A discussão sobre as relações entre direito interno e direito internacional são
bastante antigas, mas nem por isso desnecessária. Muito ao contrário, a partir
daí, dever-se-á determinar as relações que mantêm entre si e, conseqüentemente,
no caso de um conflitos entre uma norma de direito interno e uma de direito
internacional, qual delas deverá permanecer.
O primeiro estudo sistemático sobre o tema foi feito por Heinrich Triepel, em
1899, na obra “Volkerrecht und Landesrecht”. Este jurista defendia a existência
de duas ordens jurídicas distintas e independentes, não possuindo áreas de
contato. Essas distinções decorrem de três razões fundamentais. A primeira
diferença decorre das relações sociais, já que na ordem interna, são sujeitos
de direito o Estado e o homem. Por seu turno, na ordem internacional, somente o
Estado.
A segunda diferença relaciona-se com as fontes do direito. No direito interno,
é resultado da vontade de um Estado, enquanto que na ordem internacional, é
resultado da vontade dos diversos Estados.
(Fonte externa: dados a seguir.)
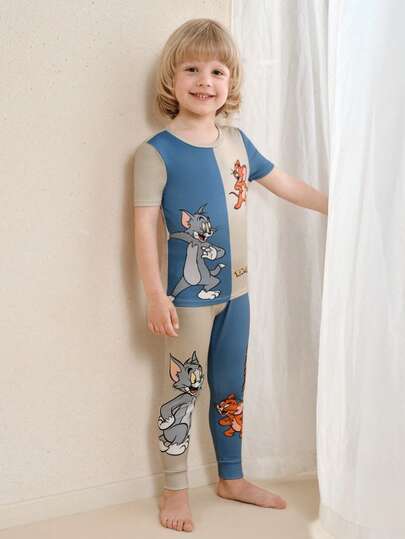 TOM & JERRY X SHEIN Bộ đồ ngủ mùa hè dáng ôm, cổ tròn, tay ngắn, in họa tiết dễ thương, thoải mái cho bé trai.
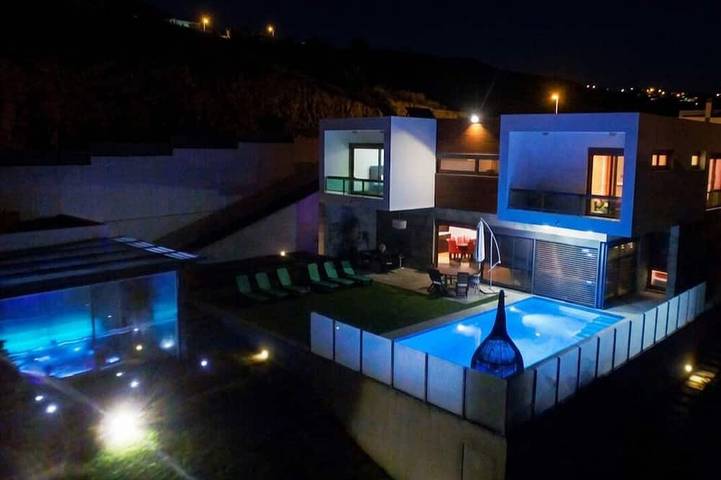 Location de vacances pour 22 personnes, avec sauna ainsi que jacuzzi et jardin à Mafra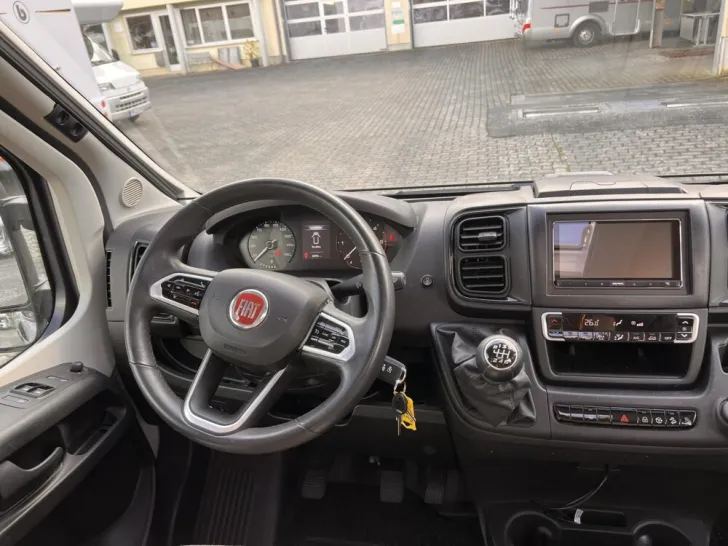 Fahrzeugbild Eura Mobil Van 635 EB #7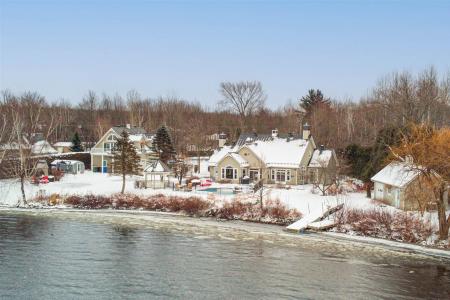 56Z-58Z Imp. de l'Île, Roxton Pond, Quebec J0E 1Z0, Canada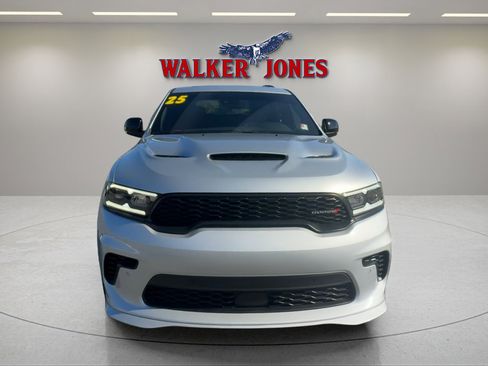 Used 2025 Dodge Durango GT image 8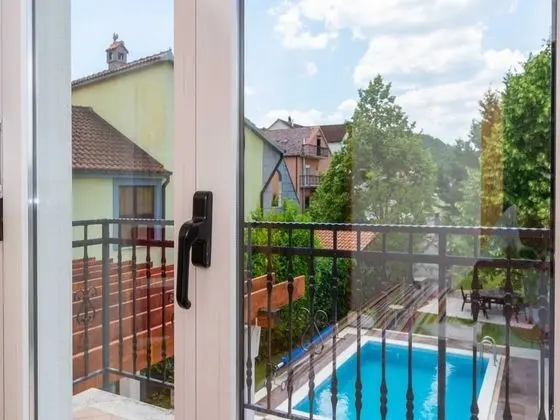 Villa (Six Bedroom Villa with private pool)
Já a terceira distinção decorre da estrutura das ordens jurídicas. Se por um
lado, a ordem interna se baseia na subordinação, ordem internacional se baseia
na coordenação, já que “é a comunidade internacional uma sociedade
paritária”.
Essa corrente de pensamento ficou conhecida como dualista, não admite o
conflito entre as normas interna e a internacional, já que não há interseção
possível entre elas. Dessa maneira, “um ato internacional qualquer, como
um tratado normativo, somente operará efeitos no âmbito interno de um Estado se
uma lei vier a incorporá-lo ao ordenamento jurídico positivo”.
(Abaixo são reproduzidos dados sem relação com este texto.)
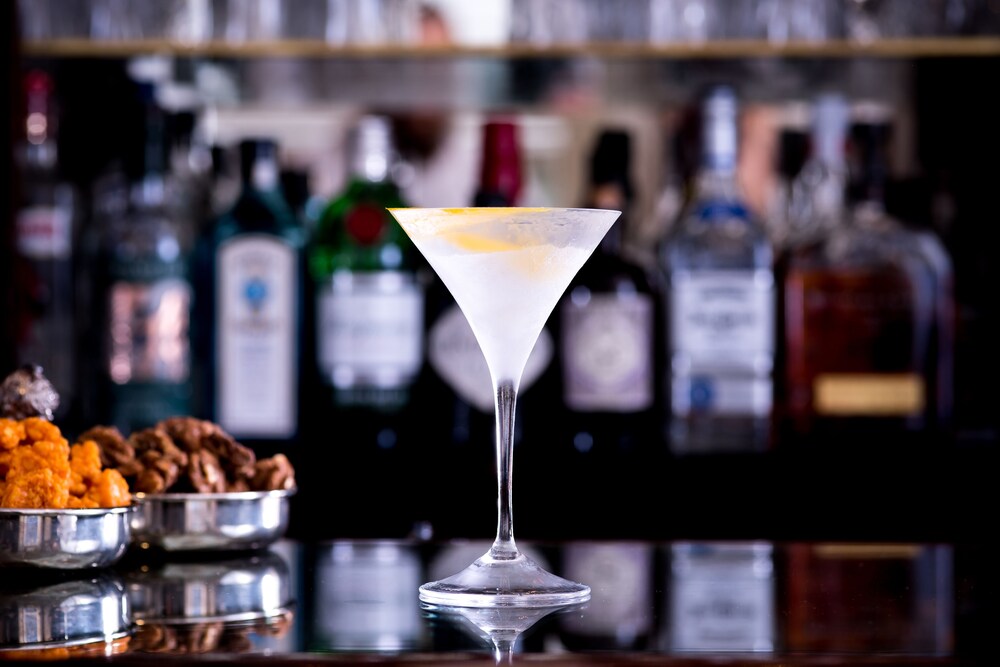 Hotel Bar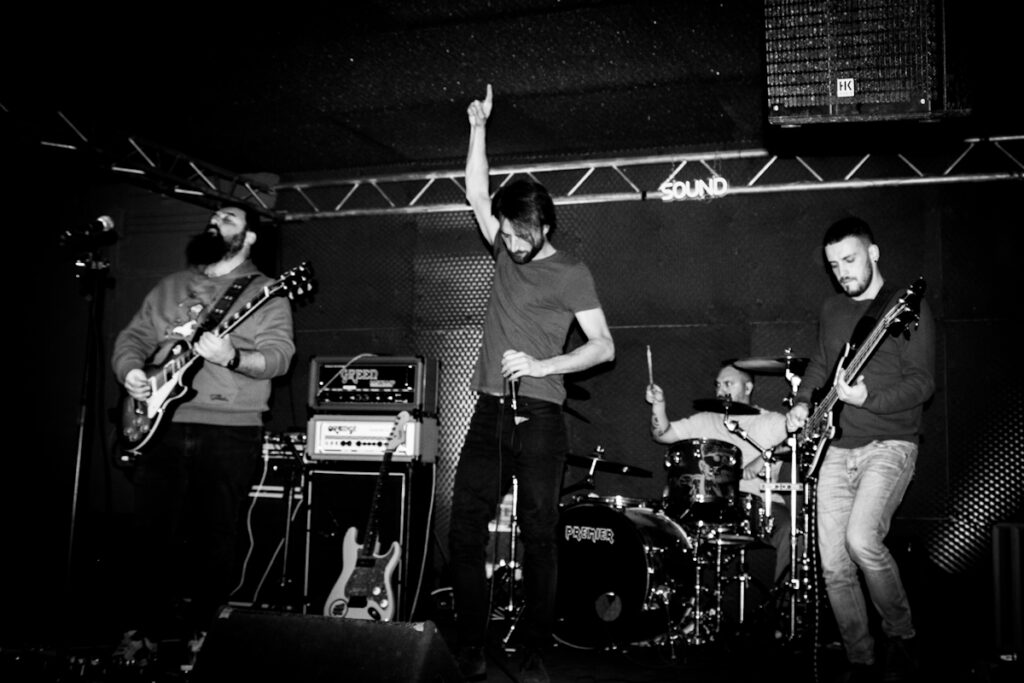 Da venerdì 24 gennaio 2025 sarà in rotazione radiofonica “47” (Karma Conspiracy/Overdub Recordings), il nuovo singolo dei MEGARIDE, già disponibile sulle piattaforme digitali dal 21 gennaio.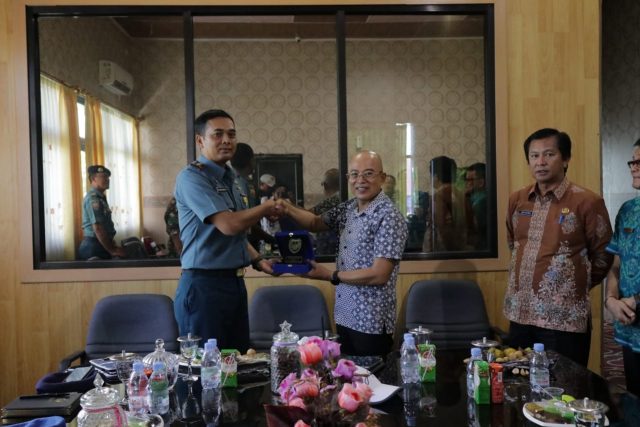 Gusnan Mulyadi menyambut kunjungan kerja (kunker) Komandan Lanal (Danlanal) Bengkulu, Letkol Laut (P) M. Andri Wahyu Sudrajat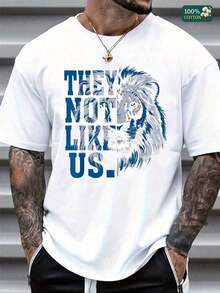Camiseta unisex de 100% algodón con cuello redondo y manga corta "They Not Like Us" con gráfico de león - Camiseta básica audaz y distintiva para el verano, tops para hombres - Blanco - Ver 7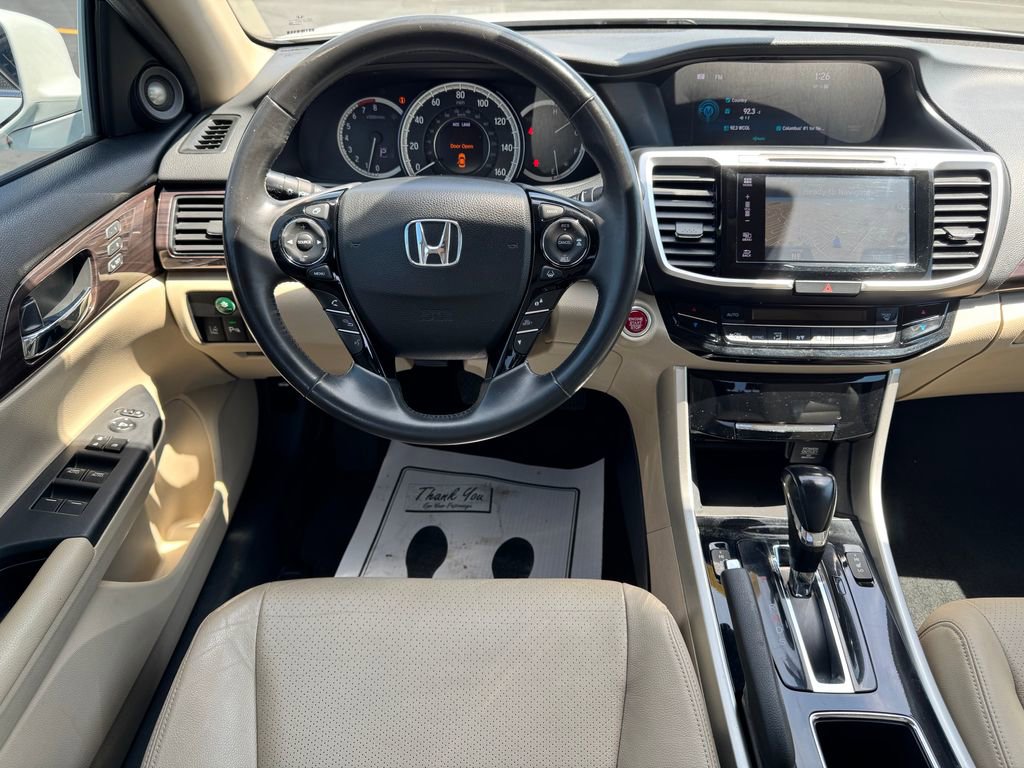 Used 2016 Honda Accord Touring image 20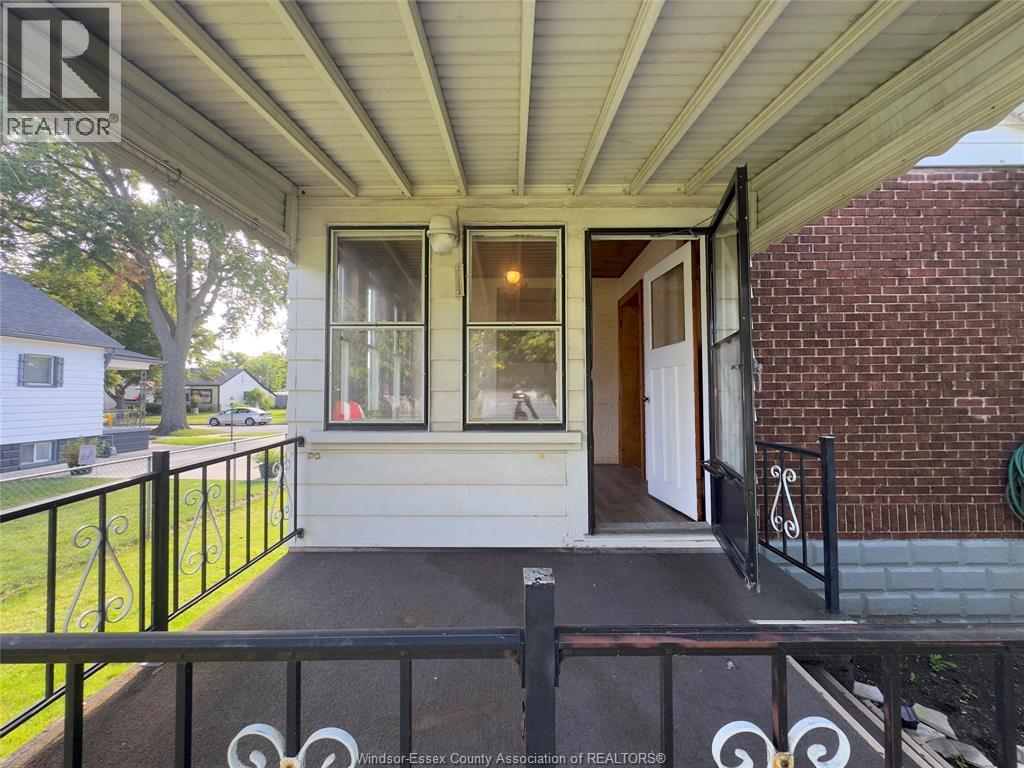 3536 Bloomfield Road, Windsor, Ontario  N9C 1R7 - Photo 6 - 25022190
Em oposição ao pensamento dualista, surgiu outra concepção, denominada
dualista. Esta corrente, que inicialmente defendida por Hans Kelsen, alegava
não existirem duas ordens jurídicas diversas, que seriam autônomas e manteriam
relações entre si. A ordem jurídica, segundo este pensamento, é una, mesmo
sendo complexa e heterogênea. Dessa maneira, deve haver prevalência do Direito
Internacional e devem ser criados instrumentos para harmonizar as relações
entre eles.
Desta discussão entre as escolas de pensamento, tem prevalecido o monismo, já
que não é admissível a existência de mais uma ordem jurídica e “torna-se
imperativa a existência de normas que coordenem esses dois domínios e que
estabeleçam qual deles deve prevalecer em caso de conflito”.
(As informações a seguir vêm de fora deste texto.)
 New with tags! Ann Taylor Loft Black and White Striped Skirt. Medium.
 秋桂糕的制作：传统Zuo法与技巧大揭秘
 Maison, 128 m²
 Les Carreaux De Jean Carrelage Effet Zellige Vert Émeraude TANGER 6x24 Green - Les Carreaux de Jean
Adotando-se essa premissa, passa-se a outro ponto de extrema relevância, o que
diz respeito a que norma deve prevalecer em caso de conflito, a interna ou a
internacional.
Sobre o tema, Jacob Dolinger afirma a existência de três correntes dentro do
monismo: a que defende a primazia do direito interno sobre o direito
internacional; a que pretende que haja prevalência do direito internacional
sobre o direito interno; a que assegura haver uma equiparação entre eles,
dependendo de uma ordem cronológica de sua criação para a afirmação de qual
terá preferência.
No Brasil, a grande maioria dos autores tem se filiado ao monismo clássico,
kelseniano, que pretende que haja a prevalência do direito internaional. A
partir do princípio da pacta sund servanda, considera-se que a maior parte das
normas internacionais são aos Estados, que são as pessoas internacionais, assim
a norma internacional necessariamente tem que prevalecer sobre a norma interna.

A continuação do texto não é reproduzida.